Provided material.
┌──

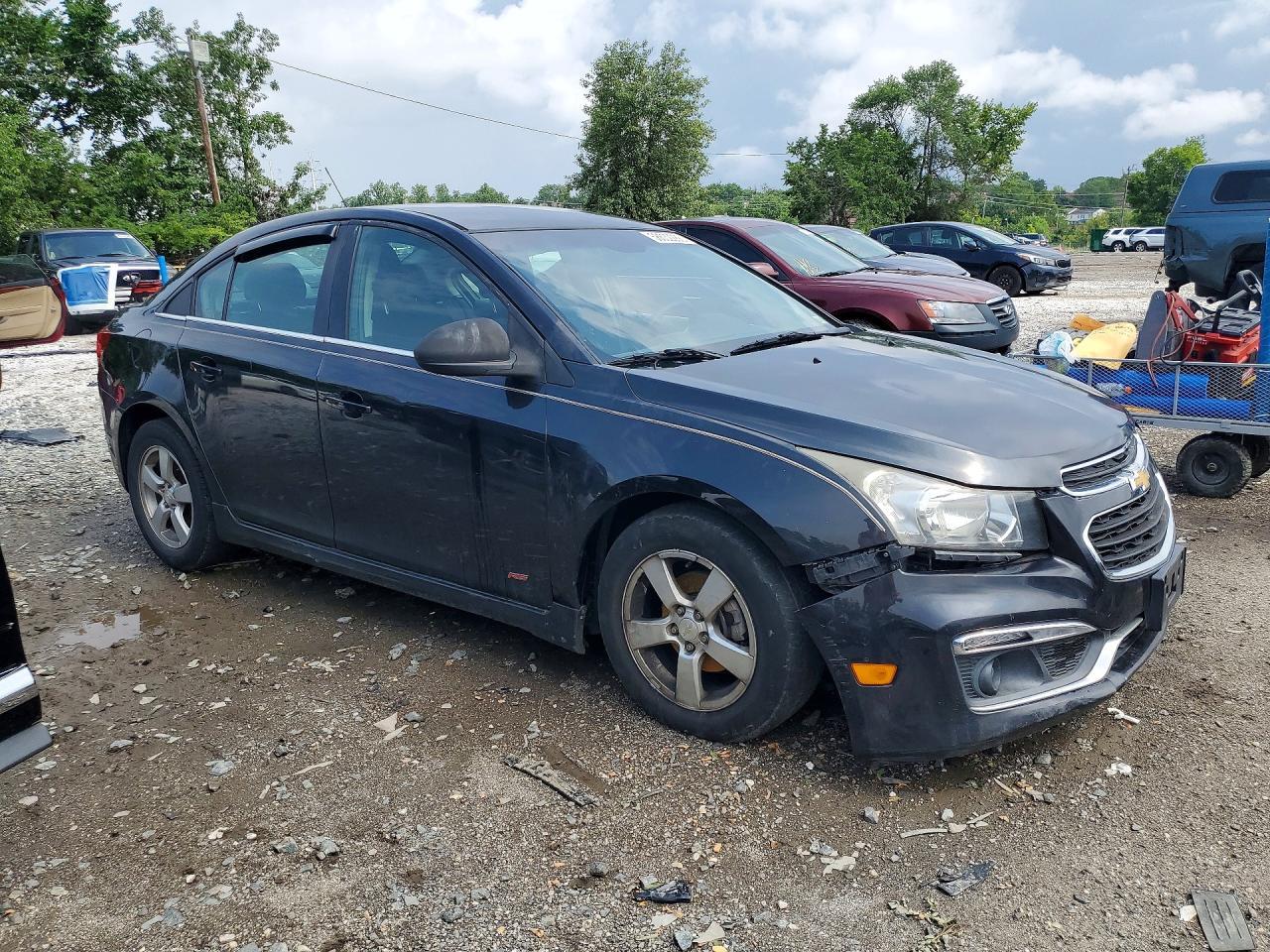 2015 Chevrolet Cruze Lt - Фото 4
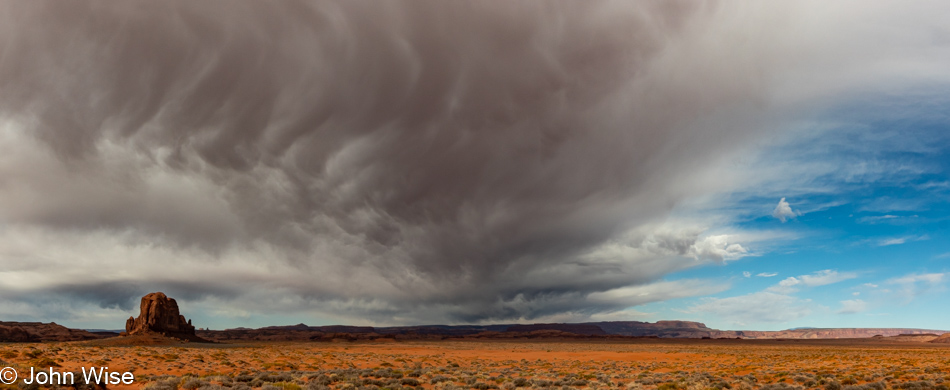 Mystery Valley on the Arizona Utah State Line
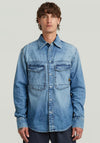 G-Star Raw Dakota Denim Shirt, Faded Blue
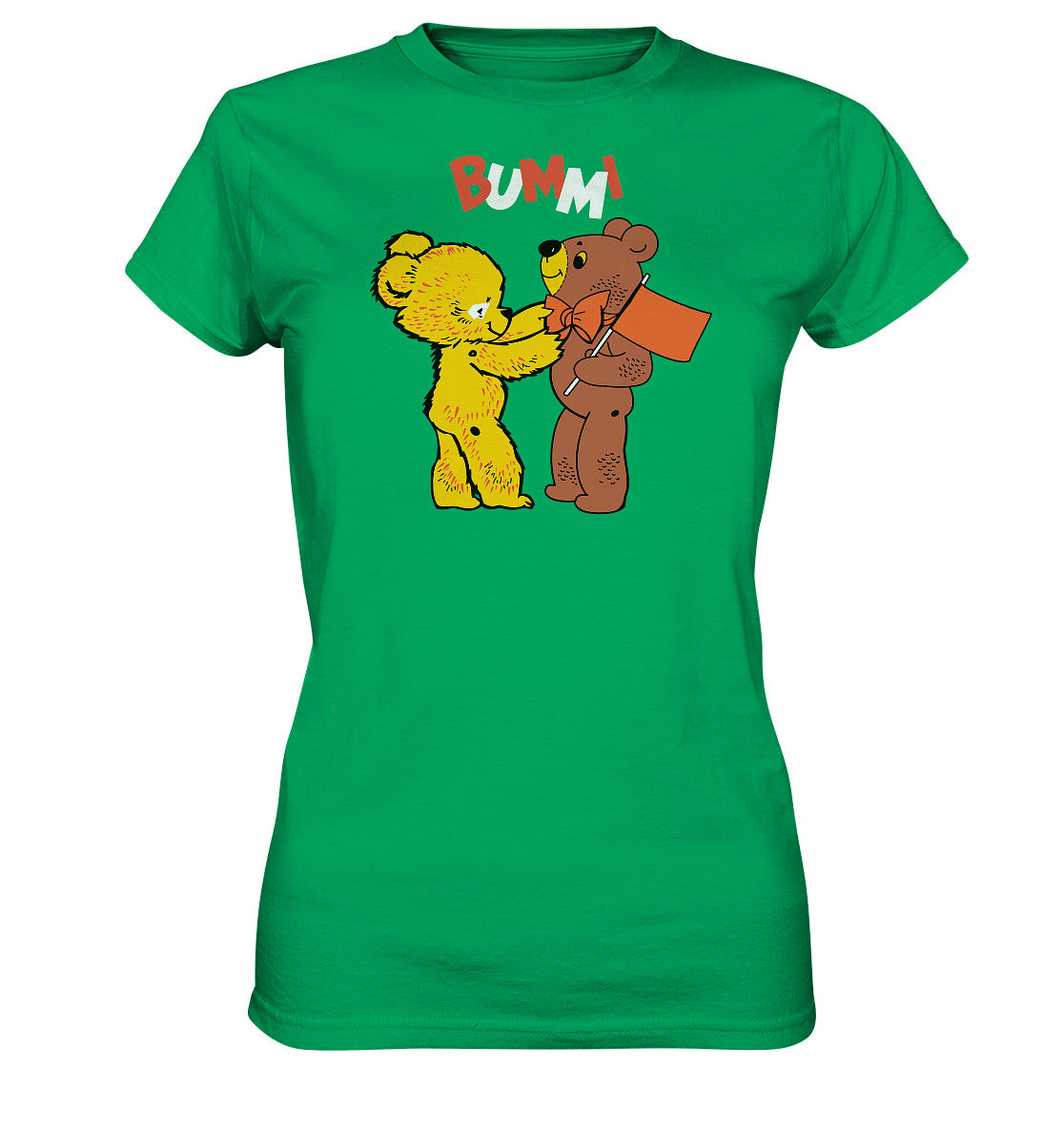 DDR Ostalgie Shirt Mädels • BUMMI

└──

What to produce. The result should be the material above, unchanged and free of pictures; please print it.

Task answer.
 2015 Chevrolet Cruze Lt - Фото 4
 Mystery Valley on the Arizona Utah State Line
 G-Star Raw Dakota Denim Shirt, Faded Blue
 DDR Ostalgie Shirt Mädels • BUMMI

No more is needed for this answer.